# [WORK REQUEST]
The task calls for every entry to be printed word for word, without the images.

(Stored records)
• • • • • • •
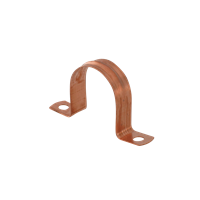 Walraven Pipe Saddle (Copper)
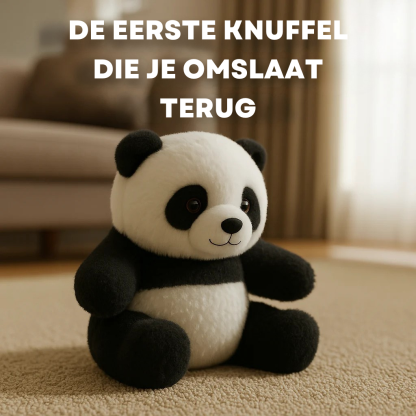 Wonderminiworld® MimoPandy Knuffel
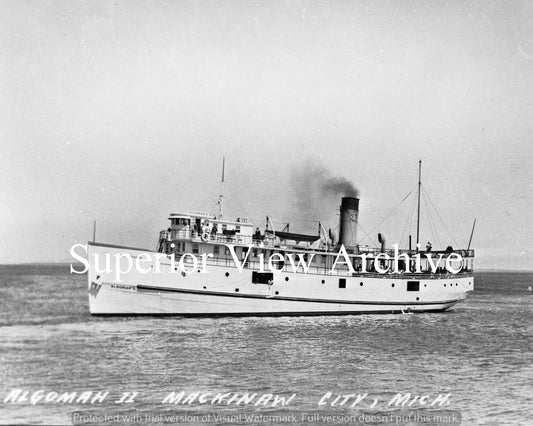 Mackinac Algoma II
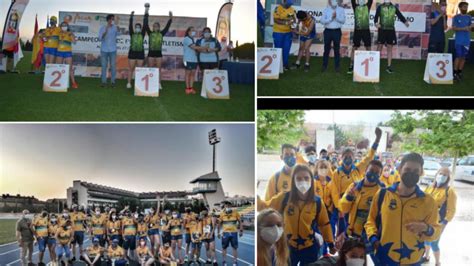 Campeonato de España Atletismo FEDDI Albacete 2021 Club Paralímpico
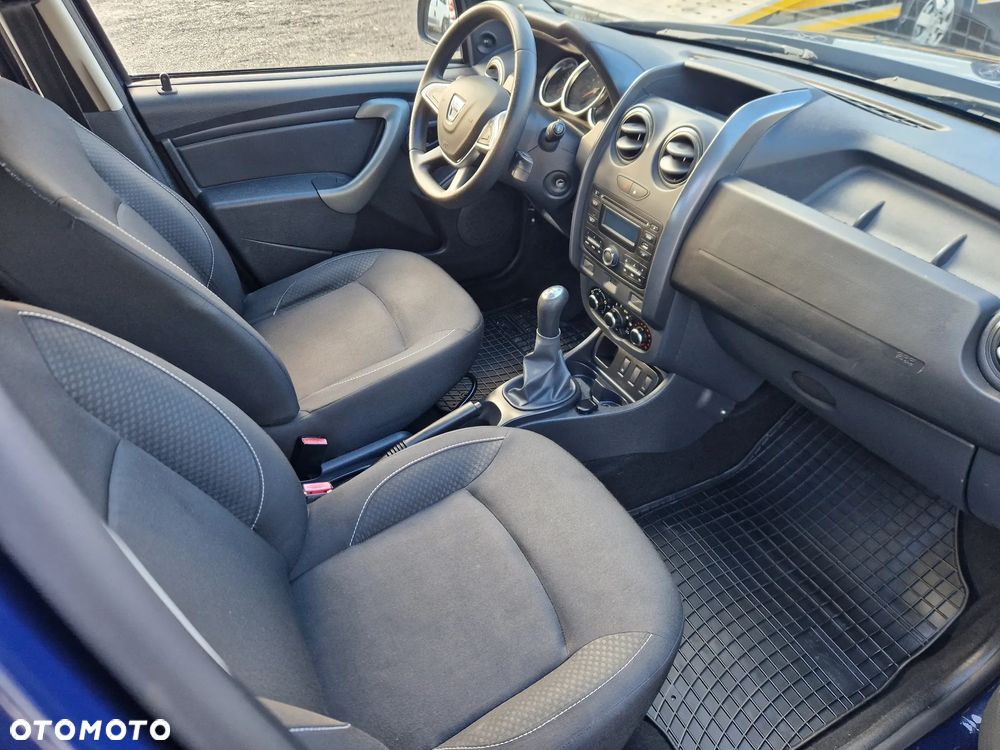 Dacia Duster 1.6 SCe Laureate S&S - 5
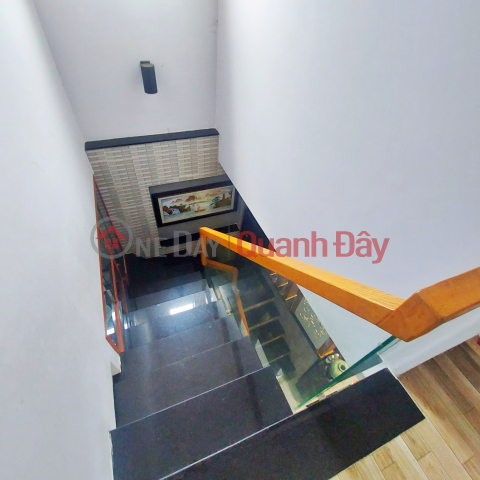 Jammed Bank Urgent Sale Beautiful house 46m2, 2 floors definitely Kha Van Can, Thu Duc, close to the front _0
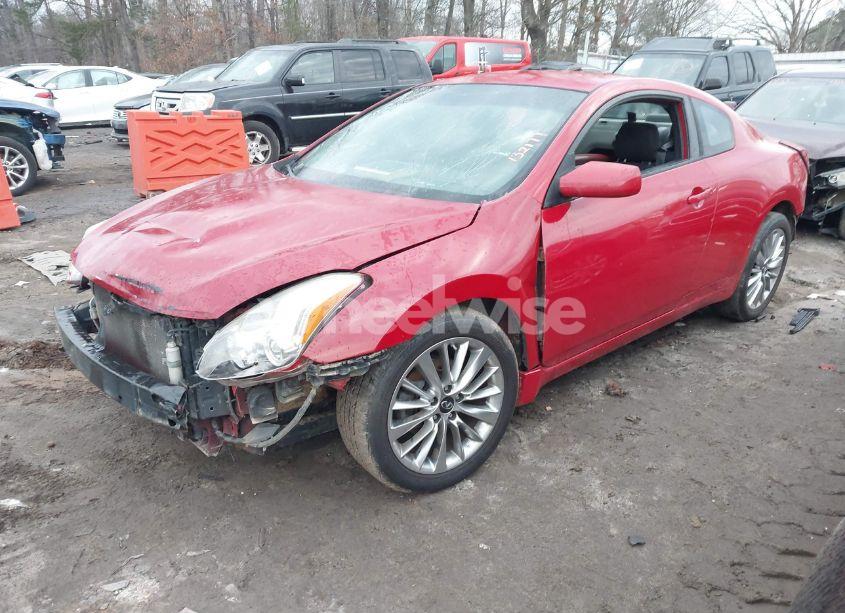 Photo 2 of 2011 Nissan Altima 2.5 S (VIN 1N4AL2EP0BC132177)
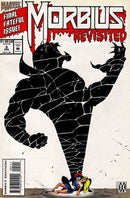 Morbius: Revisited The End of a Vampire! |  Issue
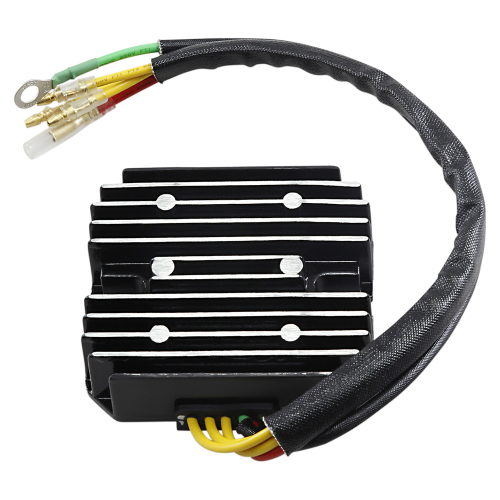 Ricks Motorsport Electric - Ricks Motorsport Electric Lithium-Ion Battery-Compatible Rectifier/Regulator - 14-202H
• • • • • • •
# [WRITTEN RESPONSE]
 Walraven Pipe Saddle (Copper)
 Wonderminiworld® MimoPandy Knuffel
 Mackinac Algoma II
 Campeonato de España Atletismo FEDDI Albacete 2021 Club Paralímpico
 Dacia Duster 1.6 SCe Laureate S&S - 5
 Jammed Bank Urgent Sale Beautiful house 46m2, 2 floors definitely Kha Van Can, Thu Duc, close to the front _0
 Photo 2 of 2011 Nissan Altima 2.5 S (VIN 1N4AL2EP0BC132177)
 Morbius: Revisited The End of a Vampire! |  Issue
 Ricks Motorsport Electric - Ricks Motorsport Electric Lithium-Ion Battery-Compatible Rectifier/Regulator - 14-202H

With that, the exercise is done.